INPUT FOR THIS TASK
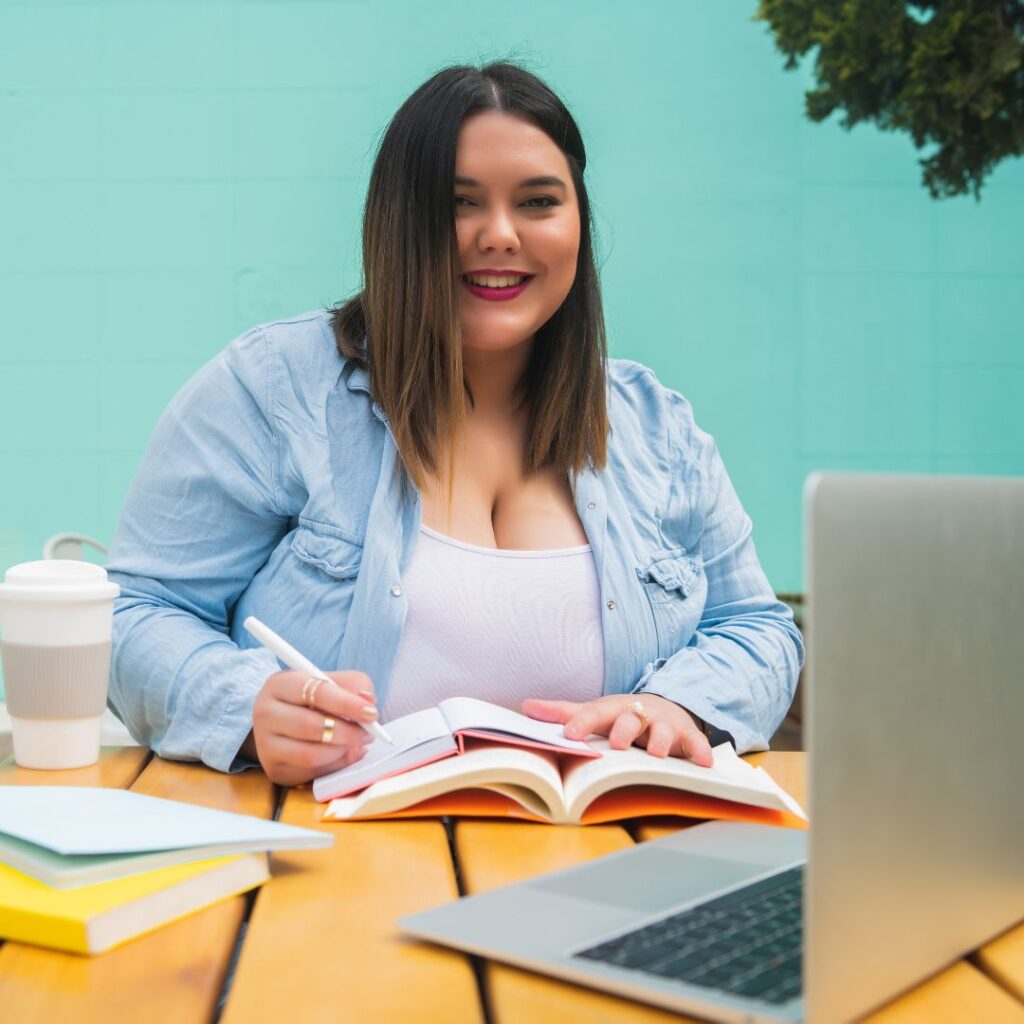 Woman at computer taking notes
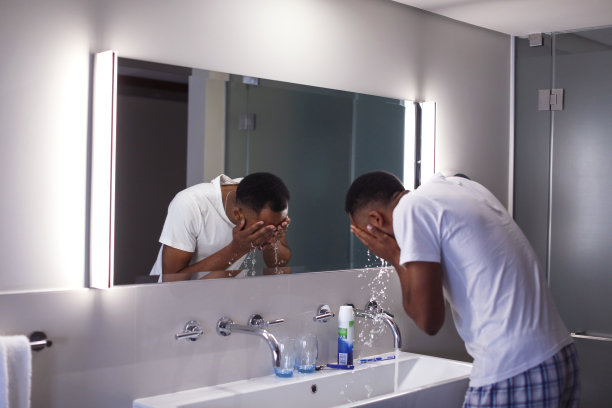 一个非洲人在酒店房间里洗脸。图片下载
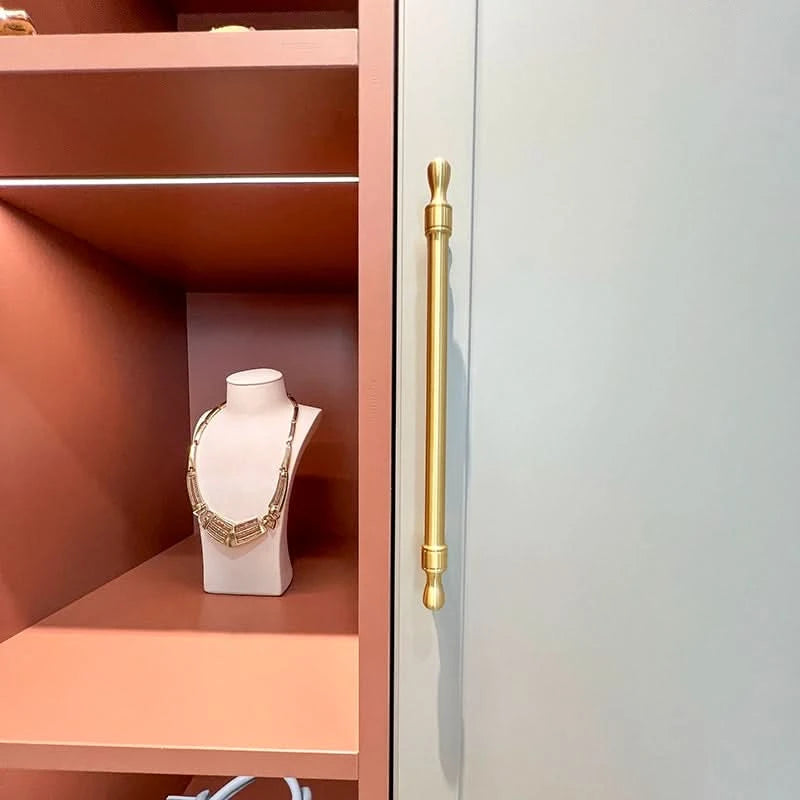 Brass Modern Extended Cabinet Handles on grey door, next to coral shelves and jewelry display.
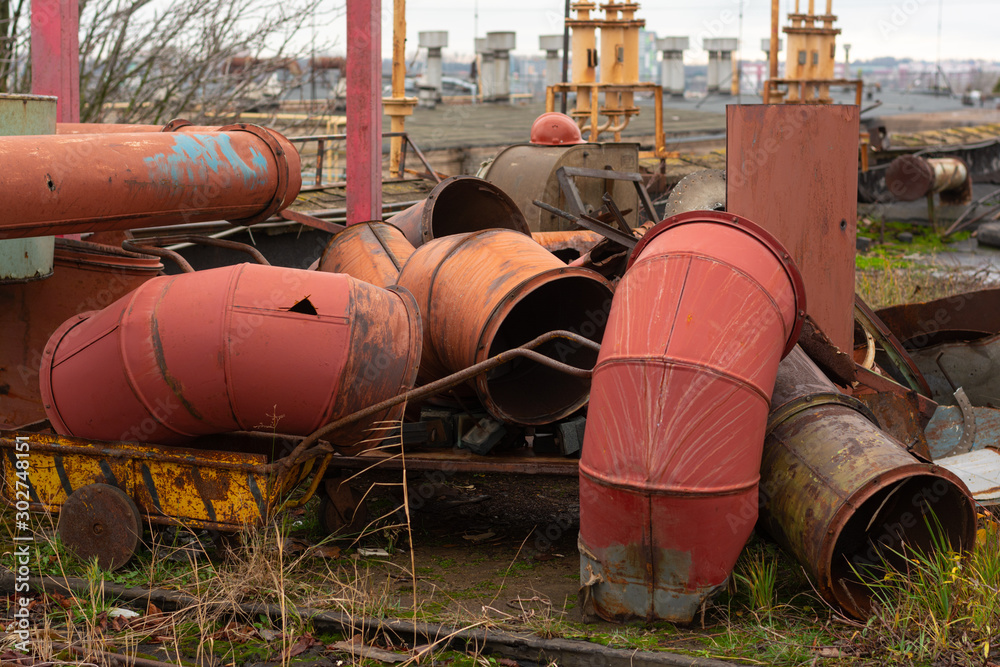 discarded old metal ducts. abandoned metal dump. factory roof discarded old metal ducts. abandoned metal dump. factory roof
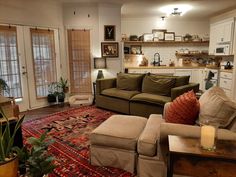 a living room filled with furniture and decor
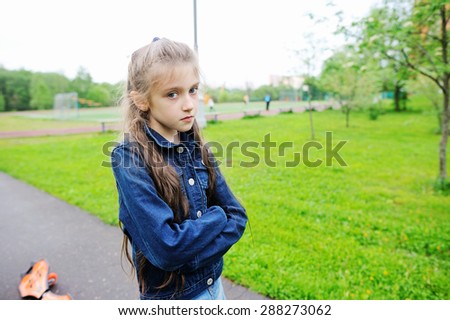 Sad school aged girl on the school yard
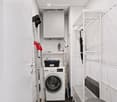 Compact utility room with a washing machine, ironing board, umbrella, ladder, and storage unit.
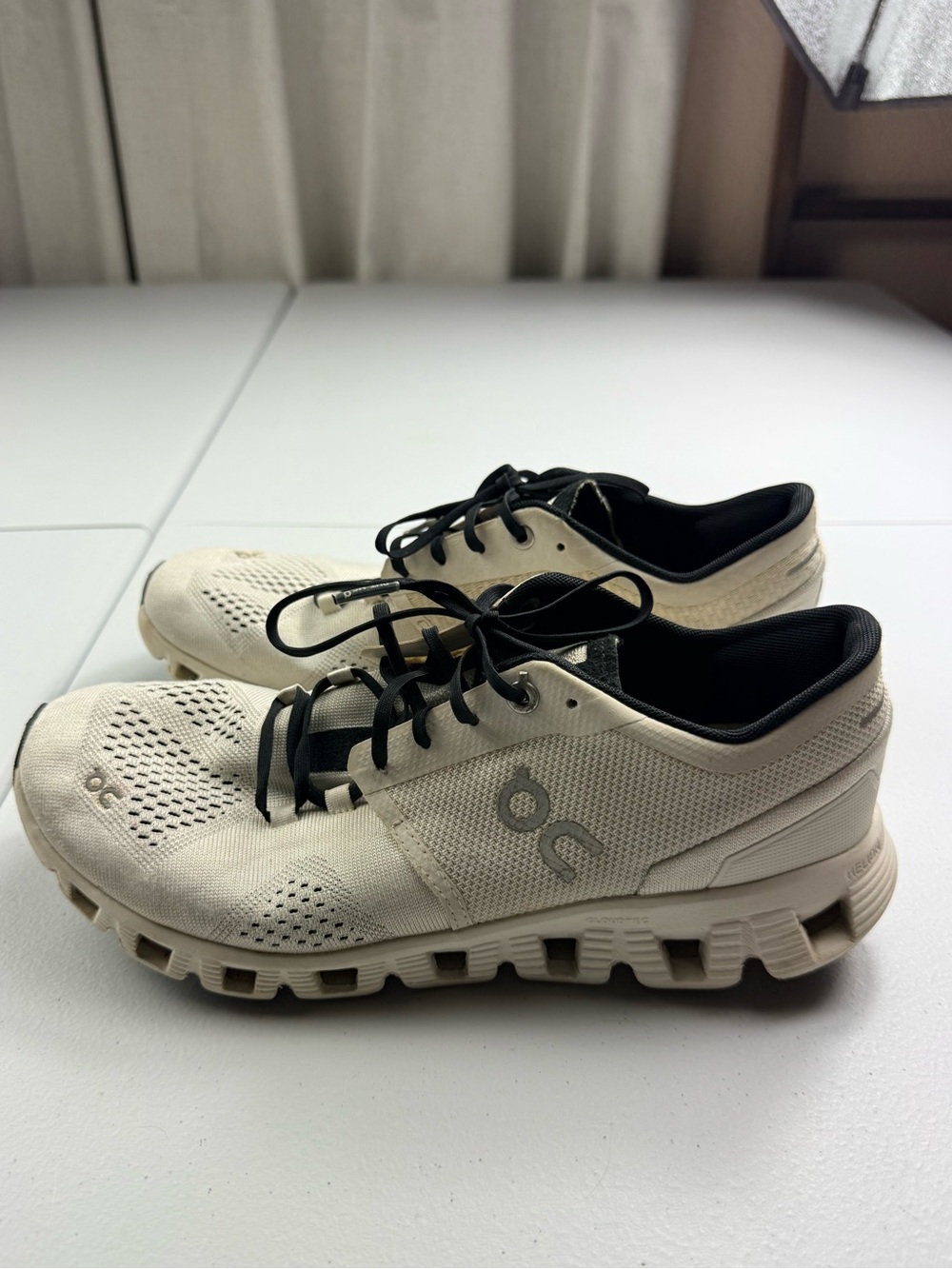 On Running women’s Cream Athletic Sneakers with Black Accents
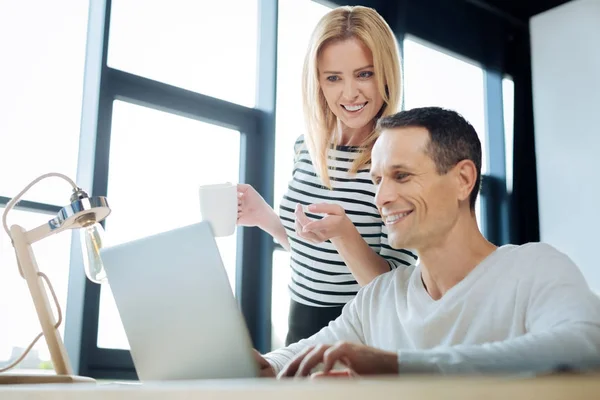 Delighted positive woman pointing at the laptop screen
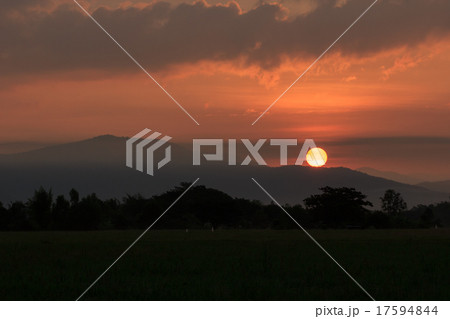 sunset over a mountain sunset over a mountain 17594844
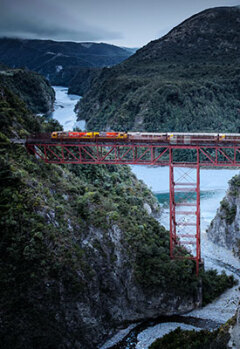 View of TranzAlpine train riding across a river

EXERCISE REQUIREMENTS
Look above for the line with "factory roof discarded" and the line with "Compact utility room". Give again exactly those two lines and all lines between them, pictures excluded.

FINAL ANSWER
 discarded old metal ducts. abandoned metal dump. factory roof discarded old metal ducts. abandoned metal dump. factory roof
 a living room filled with furniture and decor
 Sad school aged girl on the school yard
 Compact utility room with a washing machine, ironing board, umbrella, ladder, and storage unit.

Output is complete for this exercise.